Hawaii’s geography makes it well-suited for renewable energy—it’s forced to import and burn oil to generate electricity at great cost, and its sunny climate makes solar power an obvious choice. But for a state intent on going 100 percent green in just thirty short years, worrying signs of strain on power grids are already starting to appear. The WSJ reports:
…Hawaii’s grid is already running into problems with its heavy helping of rooftop solar and other carbon-free renewables. Among them: sudden swings in the output of solar and wind, which force the state’s main utility to scramble to try to keep the overall supply of power steady. […]
Though Hawaii’s effort is attracting attention around the globe, its electric system is unusual. For starters, each island has its own electric grid, and they aren’t connected.
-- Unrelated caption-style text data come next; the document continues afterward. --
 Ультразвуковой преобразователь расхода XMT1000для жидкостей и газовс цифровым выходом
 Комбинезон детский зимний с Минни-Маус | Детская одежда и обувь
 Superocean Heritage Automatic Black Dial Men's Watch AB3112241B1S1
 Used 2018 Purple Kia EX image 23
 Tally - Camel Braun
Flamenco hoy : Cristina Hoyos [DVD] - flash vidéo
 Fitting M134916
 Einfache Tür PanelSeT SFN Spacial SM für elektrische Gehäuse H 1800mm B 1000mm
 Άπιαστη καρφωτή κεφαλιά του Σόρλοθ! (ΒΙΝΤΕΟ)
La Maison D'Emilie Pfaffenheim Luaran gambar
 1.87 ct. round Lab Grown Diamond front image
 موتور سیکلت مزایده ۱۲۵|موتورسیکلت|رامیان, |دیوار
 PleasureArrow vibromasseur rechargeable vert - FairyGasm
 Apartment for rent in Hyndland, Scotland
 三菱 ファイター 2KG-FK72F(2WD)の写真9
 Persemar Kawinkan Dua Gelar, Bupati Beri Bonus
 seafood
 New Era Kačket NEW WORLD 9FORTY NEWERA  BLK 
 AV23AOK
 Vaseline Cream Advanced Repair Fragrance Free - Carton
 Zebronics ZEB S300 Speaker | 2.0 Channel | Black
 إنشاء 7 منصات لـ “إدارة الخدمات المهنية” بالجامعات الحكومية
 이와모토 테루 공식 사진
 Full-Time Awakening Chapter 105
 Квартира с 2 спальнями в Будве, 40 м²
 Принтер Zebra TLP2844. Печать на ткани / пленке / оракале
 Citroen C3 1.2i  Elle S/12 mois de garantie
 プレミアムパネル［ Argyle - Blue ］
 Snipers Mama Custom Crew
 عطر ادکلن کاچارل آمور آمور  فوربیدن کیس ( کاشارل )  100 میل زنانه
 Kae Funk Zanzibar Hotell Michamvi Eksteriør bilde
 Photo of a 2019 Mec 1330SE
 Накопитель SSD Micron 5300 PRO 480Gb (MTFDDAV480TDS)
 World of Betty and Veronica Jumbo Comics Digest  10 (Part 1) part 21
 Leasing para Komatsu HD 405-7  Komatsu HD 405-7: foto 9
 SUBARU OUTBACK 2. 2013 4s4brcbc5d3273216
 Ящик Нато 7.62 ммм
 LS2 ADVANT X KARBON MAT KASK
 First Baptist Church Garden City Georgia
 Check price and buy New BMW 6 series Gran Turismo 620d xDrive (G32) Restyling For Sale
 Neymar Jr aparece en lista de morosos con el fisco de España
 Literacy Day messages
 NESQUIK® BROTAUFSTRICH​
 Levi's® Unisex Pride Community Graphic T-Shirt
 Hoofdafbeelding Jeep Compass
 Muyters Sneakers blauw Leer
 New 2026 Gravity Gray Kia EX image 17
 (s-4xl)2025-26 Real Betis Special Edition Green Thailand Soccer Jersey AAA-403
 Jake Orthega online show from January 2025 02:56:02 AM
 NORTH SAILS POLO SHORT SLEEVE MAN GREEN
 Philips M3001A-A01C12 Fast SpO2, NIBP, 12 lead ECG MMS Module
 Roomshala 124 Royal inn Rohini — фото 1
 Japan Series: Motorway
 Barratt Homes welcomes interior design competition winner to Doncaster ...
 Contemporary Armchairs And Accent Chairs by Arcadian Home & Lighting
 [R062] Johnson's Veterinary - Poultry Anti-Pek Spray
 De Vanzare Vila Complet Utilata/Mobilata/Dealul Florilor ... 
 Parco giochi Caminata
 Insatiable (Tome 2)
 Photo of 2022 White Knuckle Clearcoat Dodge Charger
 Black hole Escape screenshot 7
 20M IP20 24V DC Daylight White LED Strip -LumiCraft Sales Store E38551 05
On the mainland, three big power grids serve 48 states; typically, the bigger the grid, the more stable it is. […]
More than 50,000 houses in the state act as tiny power plants, putting any electricity that they don’t use onto the grid. But grids were designed to zip electrons across high-voltage wires from a few big power plants to homes and businesses; they were not made to work the other way around. Traditional power plants weren’t designed to ramp up and down quickly, either—making it tough to absorb bursts of solar power added to the grid on sunny days or make up for a sudden drop on cloudy ones.
Grid stability is often overlooked or glossed over by renewable energy activists, but it remains a high hurdle communities will have to clear to significantly boost the share wind and solar have in the overall energy mix. Most grids as currently arrayed just aren’t equipped to send power in two directions, and as a result are destabilized when smaller, more distributed, and much more numerous solar and wind energy providers start providing power.
To make matters work, these renewables producers can’t contribute when the sun isn’t shining or the wind isn’t blowing, meaning they need to draw from the grid during certain times of the day. Lacking any cost-effective commercial-scale energy storage options, that means Hawaii will continue to have to rely on fossil fuels for those cloudy, windless days.
The Aloha State is fashioning itself as an American leader in solar energy, but is finding out that blazing that trail is a much tougher task than most greens like to think it is.